Content starts
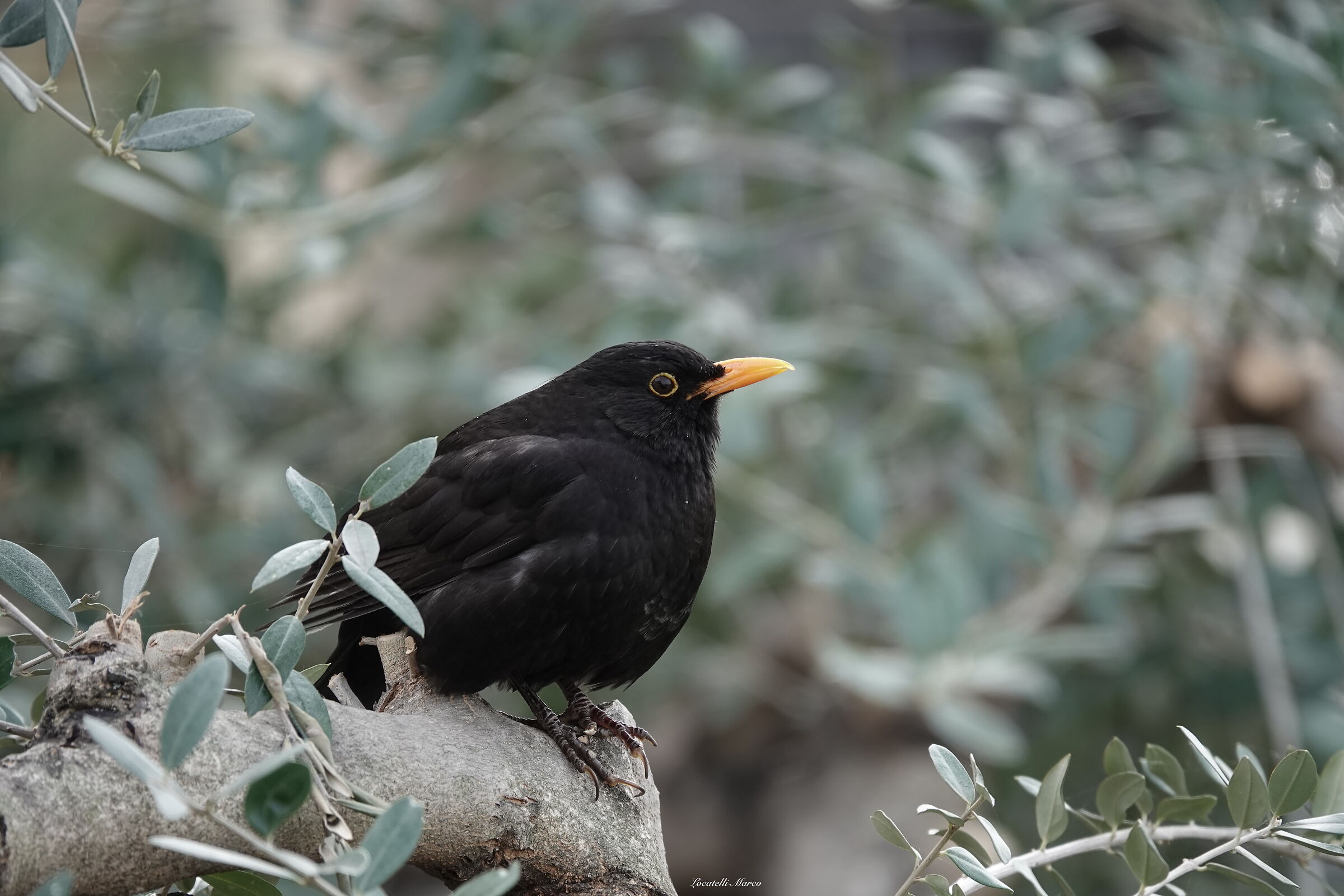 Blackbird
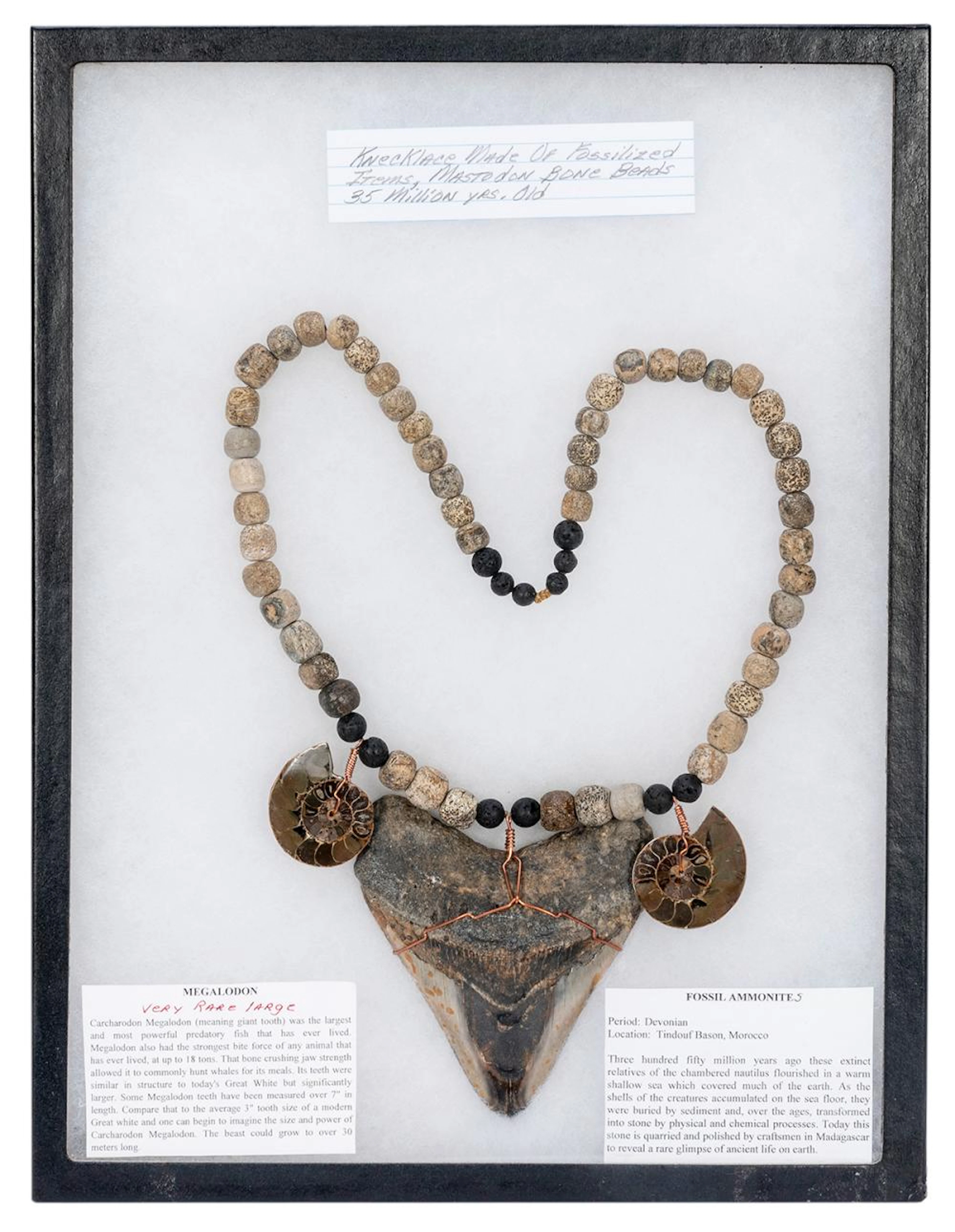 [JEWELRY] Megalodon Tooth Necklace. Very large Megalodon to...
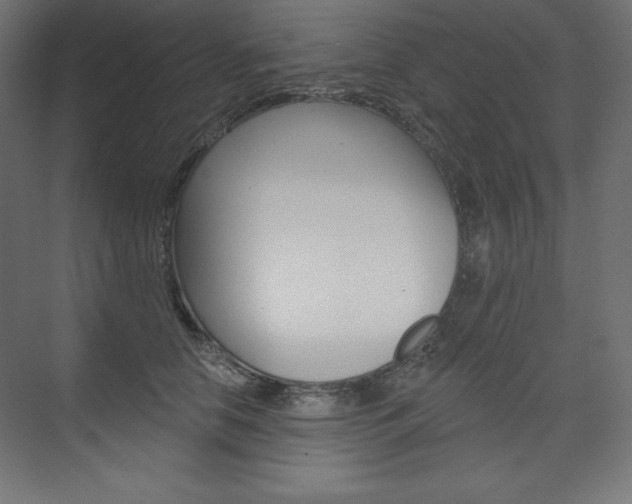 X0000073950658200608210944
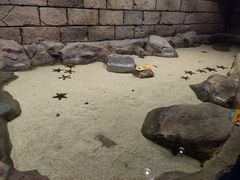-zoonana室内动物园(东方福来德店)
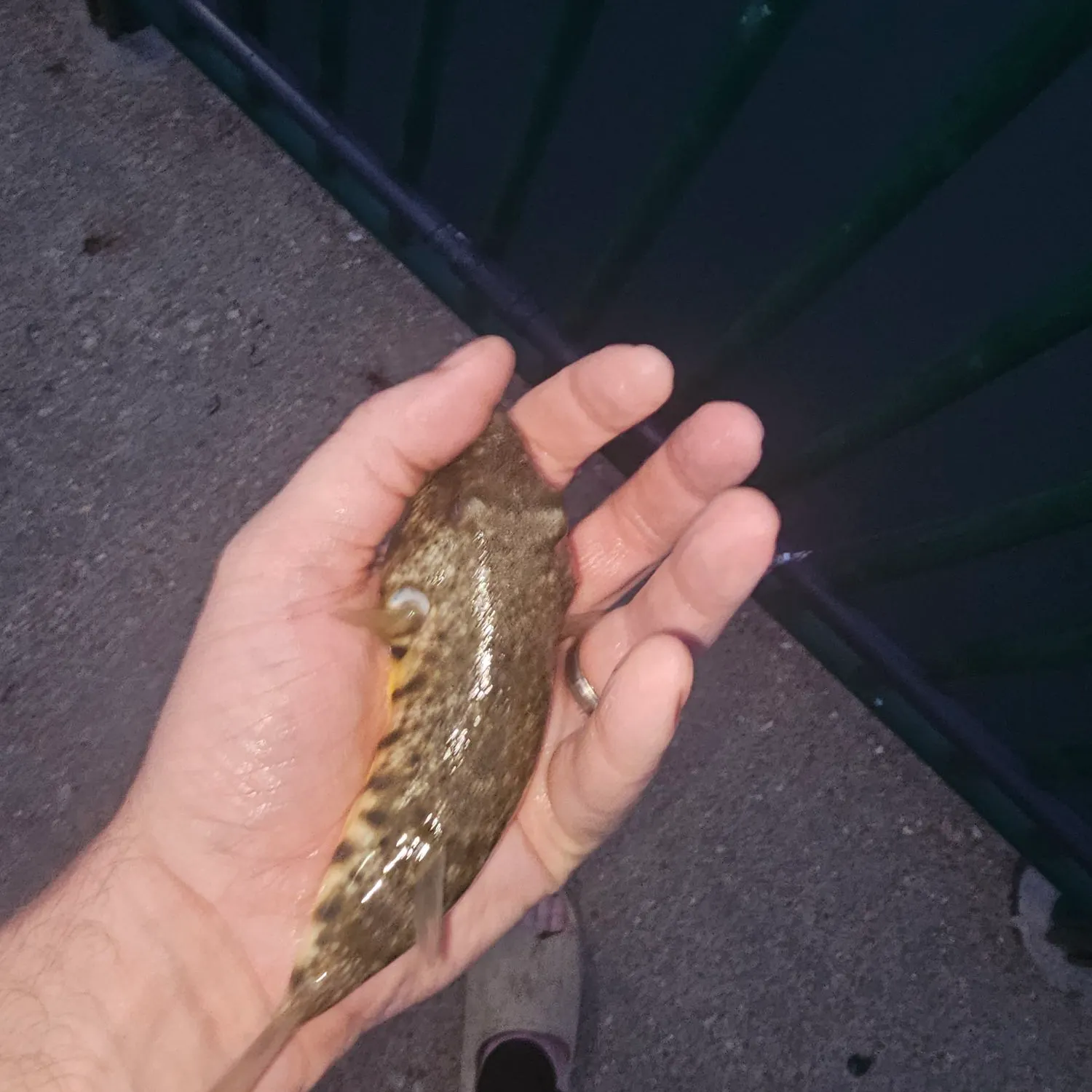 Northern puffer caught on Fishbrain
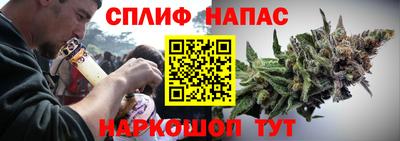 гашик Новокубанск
Content ends
Every entry above needs to be duplicated exactly, without its images.

 Blackbird
 [JEWELRY] Megalodon Tooth Necklace. Very large Megalodon to...
 X0000073950658200608210944
-zoonana室内动物园(东方福来德店)
 Northern puffer caught on Fishbrain
 гашик Новокубанск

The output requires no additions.